The data:

========================================

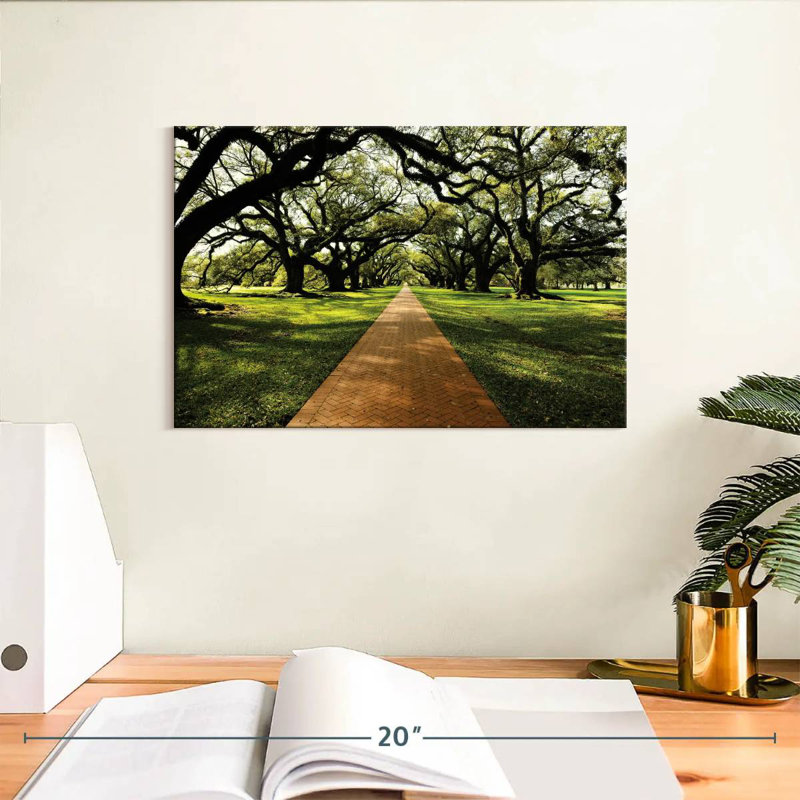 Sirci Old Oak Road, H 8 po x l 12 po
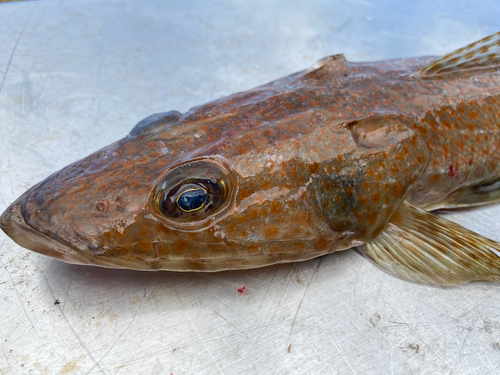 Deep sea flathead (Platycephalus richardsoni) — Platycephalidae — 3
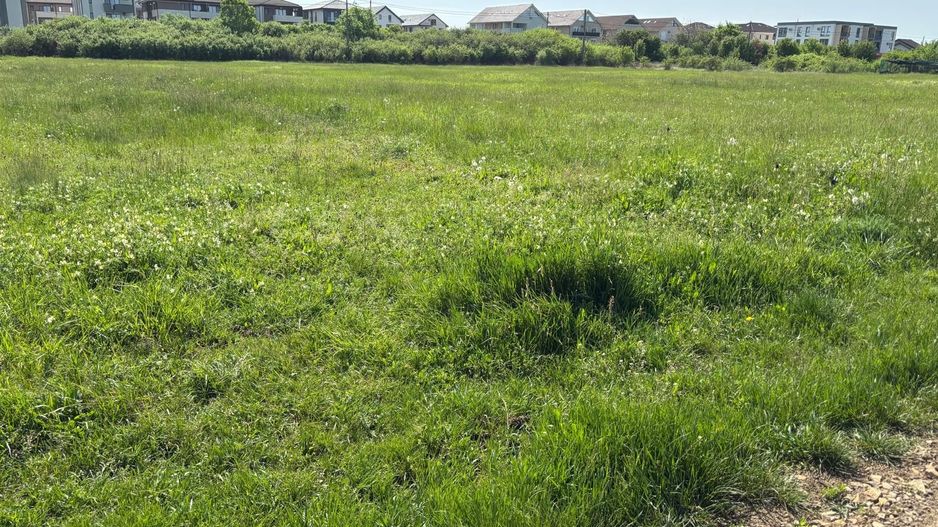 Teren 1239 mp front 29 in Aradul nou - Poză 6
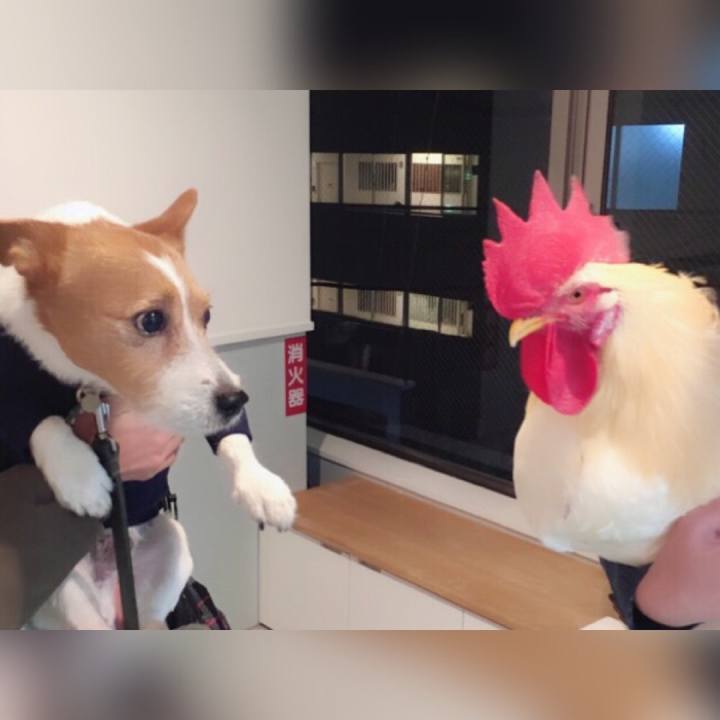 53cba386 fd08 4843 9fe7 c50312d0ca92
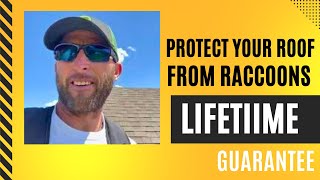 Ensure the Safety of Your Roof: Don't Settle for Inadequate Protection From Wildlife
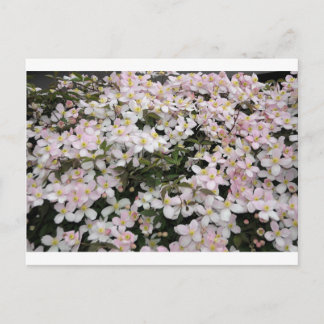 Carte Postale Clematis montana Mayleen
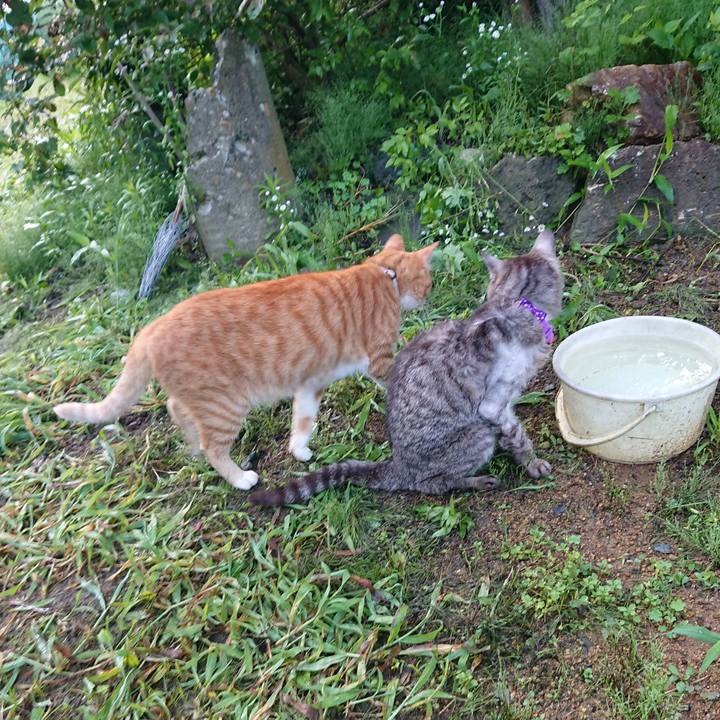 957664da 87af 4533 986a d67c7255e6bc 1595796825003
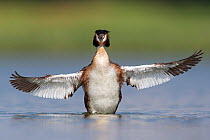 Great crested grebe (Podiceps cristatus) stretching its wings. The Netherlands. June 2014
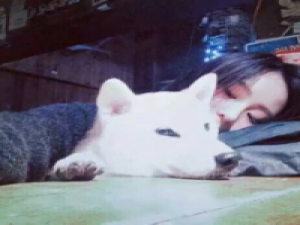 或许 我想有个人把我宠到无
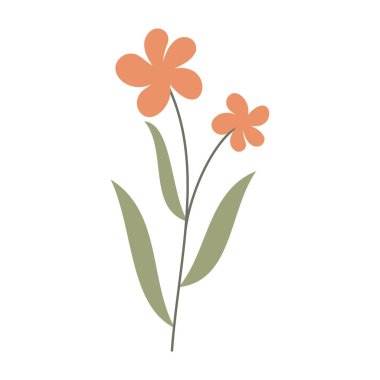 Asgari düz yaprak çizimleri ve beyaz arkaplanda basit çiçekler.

========================================

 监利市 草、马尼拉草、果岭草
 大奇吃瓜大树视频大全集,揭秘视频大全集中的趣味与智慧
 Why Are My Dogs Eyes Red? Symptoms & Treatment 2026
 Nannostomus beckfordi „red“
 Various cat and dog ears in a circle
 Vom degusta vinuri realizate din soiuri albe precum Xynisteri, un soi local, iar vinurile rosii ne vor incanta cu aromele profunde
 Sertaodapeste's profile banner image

========================================

Task instructions: With the pictures omitted, copy exactly the lines of the listing above starting at the line containing "Deep sea flathead" and ending at the line containing "Asgari düz yaprak", both included.

Answer area:
 Deep sea flathead (Platycephalus richardsoni) — Platycephalidae — 3
 Teren 1239 mp front 29 in Aradul nou - Poză 6
 53cba386 fd08 4843 9fe7 c50312d0ca92
 Ensure the Safety of Your Roof: Don't Settle for Inadequate Protection From Wildlife
 Carte Postale Clematis montana Mayleen
 957664da 87af 4533 986a d67c7255e6bc 1595796825003
 Great crested grebe (Podiceps cristatus) stretching its wings. The Netherlands. June 2014
 或许 我想有个人把我宠到无
 Asgari düz yaprak çizimleri ve beyaz arkaplanda basit çiçekler.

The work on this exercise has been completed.